Uso esteso del controllo elettronico sulla popolazione a fini di contenimento del contagio

Tutte soluzioni tecnologiche che prevedono l’uso di Big data per il governo strategico dell’epidemia, il cui utilizzo, è bene ricordarlo, è stato a più riprese proposto da due Università – e per essere precisi da Alfonso Fuggetta, Professore di Informatica del Politecnico di Milano, e da Carlo Alberto Carnevale Maffè, docente di Strategia dell’Università Bocconi – al Governo italiano, già al debutto della pandemia: le istituzioni centrali italiane, sorprendentemente, hanno ritenuto di non dover neppure rispondere per riscontrare la proposta. Tardivamente, solo nel pomeriggio del 23 marzo, a oltre un mese dallo scoppio dell’emergenza, il Ministero dell’Innovazione ha pubblicato un bando della durata di 3 giorni (!) per stimolare Università e centri di ricerca a proporre soluzioni tecnologiche d’avanguardia per il contenimento dell’epidemia.

Scrive Harari sul Financial Times:

“Il monitoraggio centralizzato e le dure punizioni non sono l’unico modo per far sì che le persone rispettino le linee guida benefiche.  Quando le persone vengono informate dei fatti scientifici e quando le persone si fidano delle autorità pubbliche, i cittadini possono fare la cosa giusta anche senza un Grande Fratello che veglia sulle loro spalle. Una popolazione auto-motivata e ben informata è di solito molto più potente ed efficace di una popolazione ignorante e controllata. (…) Ma per raggiungere un tale livello di compliance e cooperazione, è necessario avere fiducia.  Le persone devono fidarsi della scienza, fidarsi delle autorità pubbliche e fidarsi dei media.
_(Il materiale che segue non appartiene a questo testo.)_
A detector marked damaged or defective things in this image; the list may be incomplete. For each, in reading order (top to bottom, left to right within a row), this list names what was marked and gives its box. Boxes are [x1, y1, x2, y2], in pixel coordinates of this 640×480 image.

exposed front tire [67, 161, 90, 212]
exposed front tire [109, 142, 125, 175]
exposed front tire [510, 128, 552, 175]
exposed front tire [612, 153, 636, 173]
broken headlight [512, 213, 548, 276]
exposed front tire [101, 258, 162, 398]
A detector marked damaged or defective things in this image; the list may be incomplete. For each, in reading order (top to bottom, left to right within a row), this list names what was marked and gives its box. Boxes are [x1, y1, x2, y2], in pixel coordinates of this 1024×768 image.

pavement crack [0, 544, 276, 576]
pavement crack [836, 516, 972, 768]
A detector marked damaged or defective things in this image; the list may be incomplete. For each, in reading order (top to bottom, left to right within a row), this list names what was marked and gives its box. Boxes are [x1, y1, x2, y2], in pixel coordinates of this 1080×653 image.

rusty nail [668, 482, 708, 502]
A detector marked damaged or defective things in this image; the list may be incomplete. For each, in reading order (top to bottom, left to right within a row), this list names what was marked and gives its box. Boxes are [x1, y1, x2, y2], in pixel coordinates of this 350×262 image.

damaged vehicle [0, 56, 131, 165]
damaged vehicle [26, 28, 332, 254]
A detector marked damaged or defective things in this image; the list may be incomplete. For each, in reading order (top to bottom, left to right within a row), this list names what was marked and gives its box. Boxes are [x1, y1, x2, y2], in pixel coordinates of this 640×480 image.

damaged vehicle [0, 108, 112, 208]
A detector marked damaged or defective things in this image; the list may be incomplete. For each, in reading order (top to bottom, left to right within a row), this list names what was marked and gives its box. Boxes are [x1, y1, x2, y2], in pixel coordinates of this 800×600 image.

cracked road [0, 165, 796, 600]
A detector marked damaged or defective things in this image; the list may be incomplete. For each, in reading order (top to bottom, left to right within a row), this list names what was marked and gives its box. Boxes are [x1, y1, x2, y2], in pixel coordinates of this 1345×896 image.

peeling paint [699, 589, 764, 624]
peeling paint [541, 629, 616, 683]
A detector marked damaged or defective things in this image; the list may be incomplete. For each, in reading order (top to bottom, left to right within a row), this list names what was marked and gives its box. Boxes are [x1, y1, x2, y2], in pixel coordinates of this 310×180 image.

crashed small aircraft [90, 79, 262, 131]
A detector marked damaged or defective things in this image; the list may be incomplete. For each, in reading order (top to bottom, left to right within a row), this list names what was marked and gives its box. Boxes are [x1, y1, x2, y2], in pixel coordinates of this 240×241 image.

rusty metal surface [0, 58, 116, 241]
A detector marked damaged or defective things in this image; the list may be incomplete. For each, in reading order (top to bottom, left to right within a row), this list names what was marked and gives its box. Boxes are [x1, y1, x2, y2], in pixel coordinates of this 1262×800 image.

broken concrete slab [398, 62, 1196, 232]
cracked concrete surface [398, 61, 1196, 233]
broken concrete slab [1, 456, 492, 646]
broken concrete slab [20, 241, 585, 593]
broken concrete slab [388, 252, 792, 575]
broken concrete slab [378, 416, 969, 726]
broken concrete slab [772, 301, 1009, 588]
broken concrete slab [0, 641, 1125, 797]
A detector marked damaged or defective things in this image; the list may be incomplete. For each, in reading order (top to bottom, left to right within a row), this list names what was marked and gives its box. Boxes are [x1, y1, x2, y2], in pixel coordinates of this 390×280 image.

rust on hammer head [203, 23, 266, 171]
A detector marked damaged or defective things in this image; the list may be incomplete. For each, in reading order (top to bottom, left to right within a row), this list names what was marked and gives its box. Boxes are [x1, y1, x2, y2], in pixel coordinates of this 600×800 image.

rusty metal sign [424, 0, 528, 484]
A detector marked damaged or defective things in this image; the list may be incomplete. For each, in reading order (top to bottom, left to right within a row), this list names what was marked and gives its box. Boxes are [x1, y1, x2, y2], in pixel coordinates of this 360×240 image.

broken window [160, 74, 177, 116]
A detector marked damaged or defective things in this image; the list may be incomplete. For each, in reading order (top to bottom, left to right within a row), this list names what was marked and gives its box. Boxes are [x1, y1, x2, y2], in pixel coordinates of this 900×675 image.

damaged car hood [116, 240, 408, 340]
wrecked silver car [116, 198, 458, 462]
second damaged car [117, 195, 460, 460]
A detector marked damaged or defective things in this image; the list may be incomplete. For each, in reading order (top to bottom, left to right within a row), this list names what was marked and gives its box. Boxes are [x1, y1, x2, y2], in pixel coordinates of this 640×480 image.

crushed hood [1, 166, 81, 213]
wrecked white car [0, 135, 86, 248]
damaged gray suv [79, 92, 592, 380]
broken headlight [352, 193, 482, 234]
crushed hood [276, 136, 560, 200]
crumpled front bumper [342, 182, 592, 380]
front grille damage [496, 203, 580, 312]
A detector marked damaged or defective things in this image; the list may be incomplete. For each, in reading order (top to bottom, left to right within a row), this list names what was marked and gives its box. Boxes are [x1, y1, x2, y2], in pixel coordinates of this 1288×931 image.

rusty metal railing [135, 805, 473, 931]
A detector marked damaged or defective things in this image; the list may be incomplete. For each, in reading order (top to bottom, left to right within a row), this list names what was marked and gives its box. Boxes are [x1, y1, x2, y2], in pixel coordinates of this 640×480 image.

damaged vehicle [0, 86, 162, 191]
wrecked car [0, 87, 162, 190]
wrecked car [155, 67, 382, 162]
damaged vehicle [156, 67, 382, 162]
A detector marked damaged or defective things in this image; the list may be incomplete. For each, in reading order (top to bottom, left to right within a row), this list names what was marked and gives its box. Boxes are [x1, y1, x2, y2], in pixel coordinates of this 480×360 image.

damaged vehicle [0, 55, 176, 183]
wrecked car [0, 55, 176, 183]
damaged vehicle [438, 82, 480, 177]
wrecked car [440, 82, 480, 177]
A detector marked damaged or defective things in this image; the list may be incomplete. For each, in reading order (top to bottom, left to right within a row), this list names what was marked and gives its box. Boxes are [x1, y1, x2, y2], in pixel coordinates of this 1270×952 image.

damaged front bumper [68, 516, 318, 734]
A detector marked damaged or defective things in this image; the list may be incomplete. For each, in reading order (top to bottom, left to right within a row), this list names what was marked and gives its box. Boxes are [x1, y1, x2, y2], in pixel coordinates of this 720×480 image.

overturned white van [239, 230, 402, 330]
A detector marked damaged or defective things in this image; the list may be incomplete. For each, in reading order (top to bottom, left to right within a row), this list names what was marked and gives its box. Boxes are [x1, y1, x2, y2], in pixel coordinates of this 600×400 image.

Negli ultimi anni, politici irresponsabili hanno deliberatamente minato la fiducia nella scienza, nelle autorità pubbliche e nei media”

Una comunicazione efficace come mezzo di informazione scientifica e di contrasto alla pandemia, avrebbe richiesto come condizione imprescindibile, che non si distruggesse la fiducia nei confronti della scienza con campagne complottiste, antiscientifiche e reazionarie. I 5Stelle, al governo da quasi due anni e per di più esprimendo il Presidente del Consiglio, oggi che occupano incarichi istituzionali, dopo anni di campagne complottiste (No Vax, scie chimiche, finto allunaggio, Soros, rettiliani, ecc…) pretendono di essere creduti. La crisi comunicativa del governo è anche il riflesso delle convulsioni politiche del M5S, consumato tra il ribellismo fondativo e l’assorbimento nei palazzi del potere.

Il monitoraggio centralizzato, cui ora si guarda, per ridurre gli spostamenti delle persone, è una misura autoritaria, e irrilevante sotto il profilo della lotta alla pandemia, tanto più in considerazione del fatto che si chiede di continuare a lavorare a milioni di lavoratori stipati nelle fabbriche e nei magazzini. La misura del monitoraggio non ha a che fare con la pandemia attuale, ma col controllo sociale di cui il potere politico sente sempre più la necessità, di fronte alla crescita delle tensioni sociali e ad una futura ascesa delle lotte sociali. Non neghiamo l’utilità che i social network e i big data possono fornire per combattere la pandemia e in generale per organizzare la vita sociale: il punto per noi è quale classe sociale usa questi mezzi e con quale fine. La questione del controllo degli spostamenti umani nell’impossibilità di controllare il virus, la cui diffusione non conosce frontiere, pone all’ordine del giorno il superamento del modo di produzione capitalista a livello mondiale e il controllo democratico, da parte dei lavoratori, dell’infrastruttura informatica.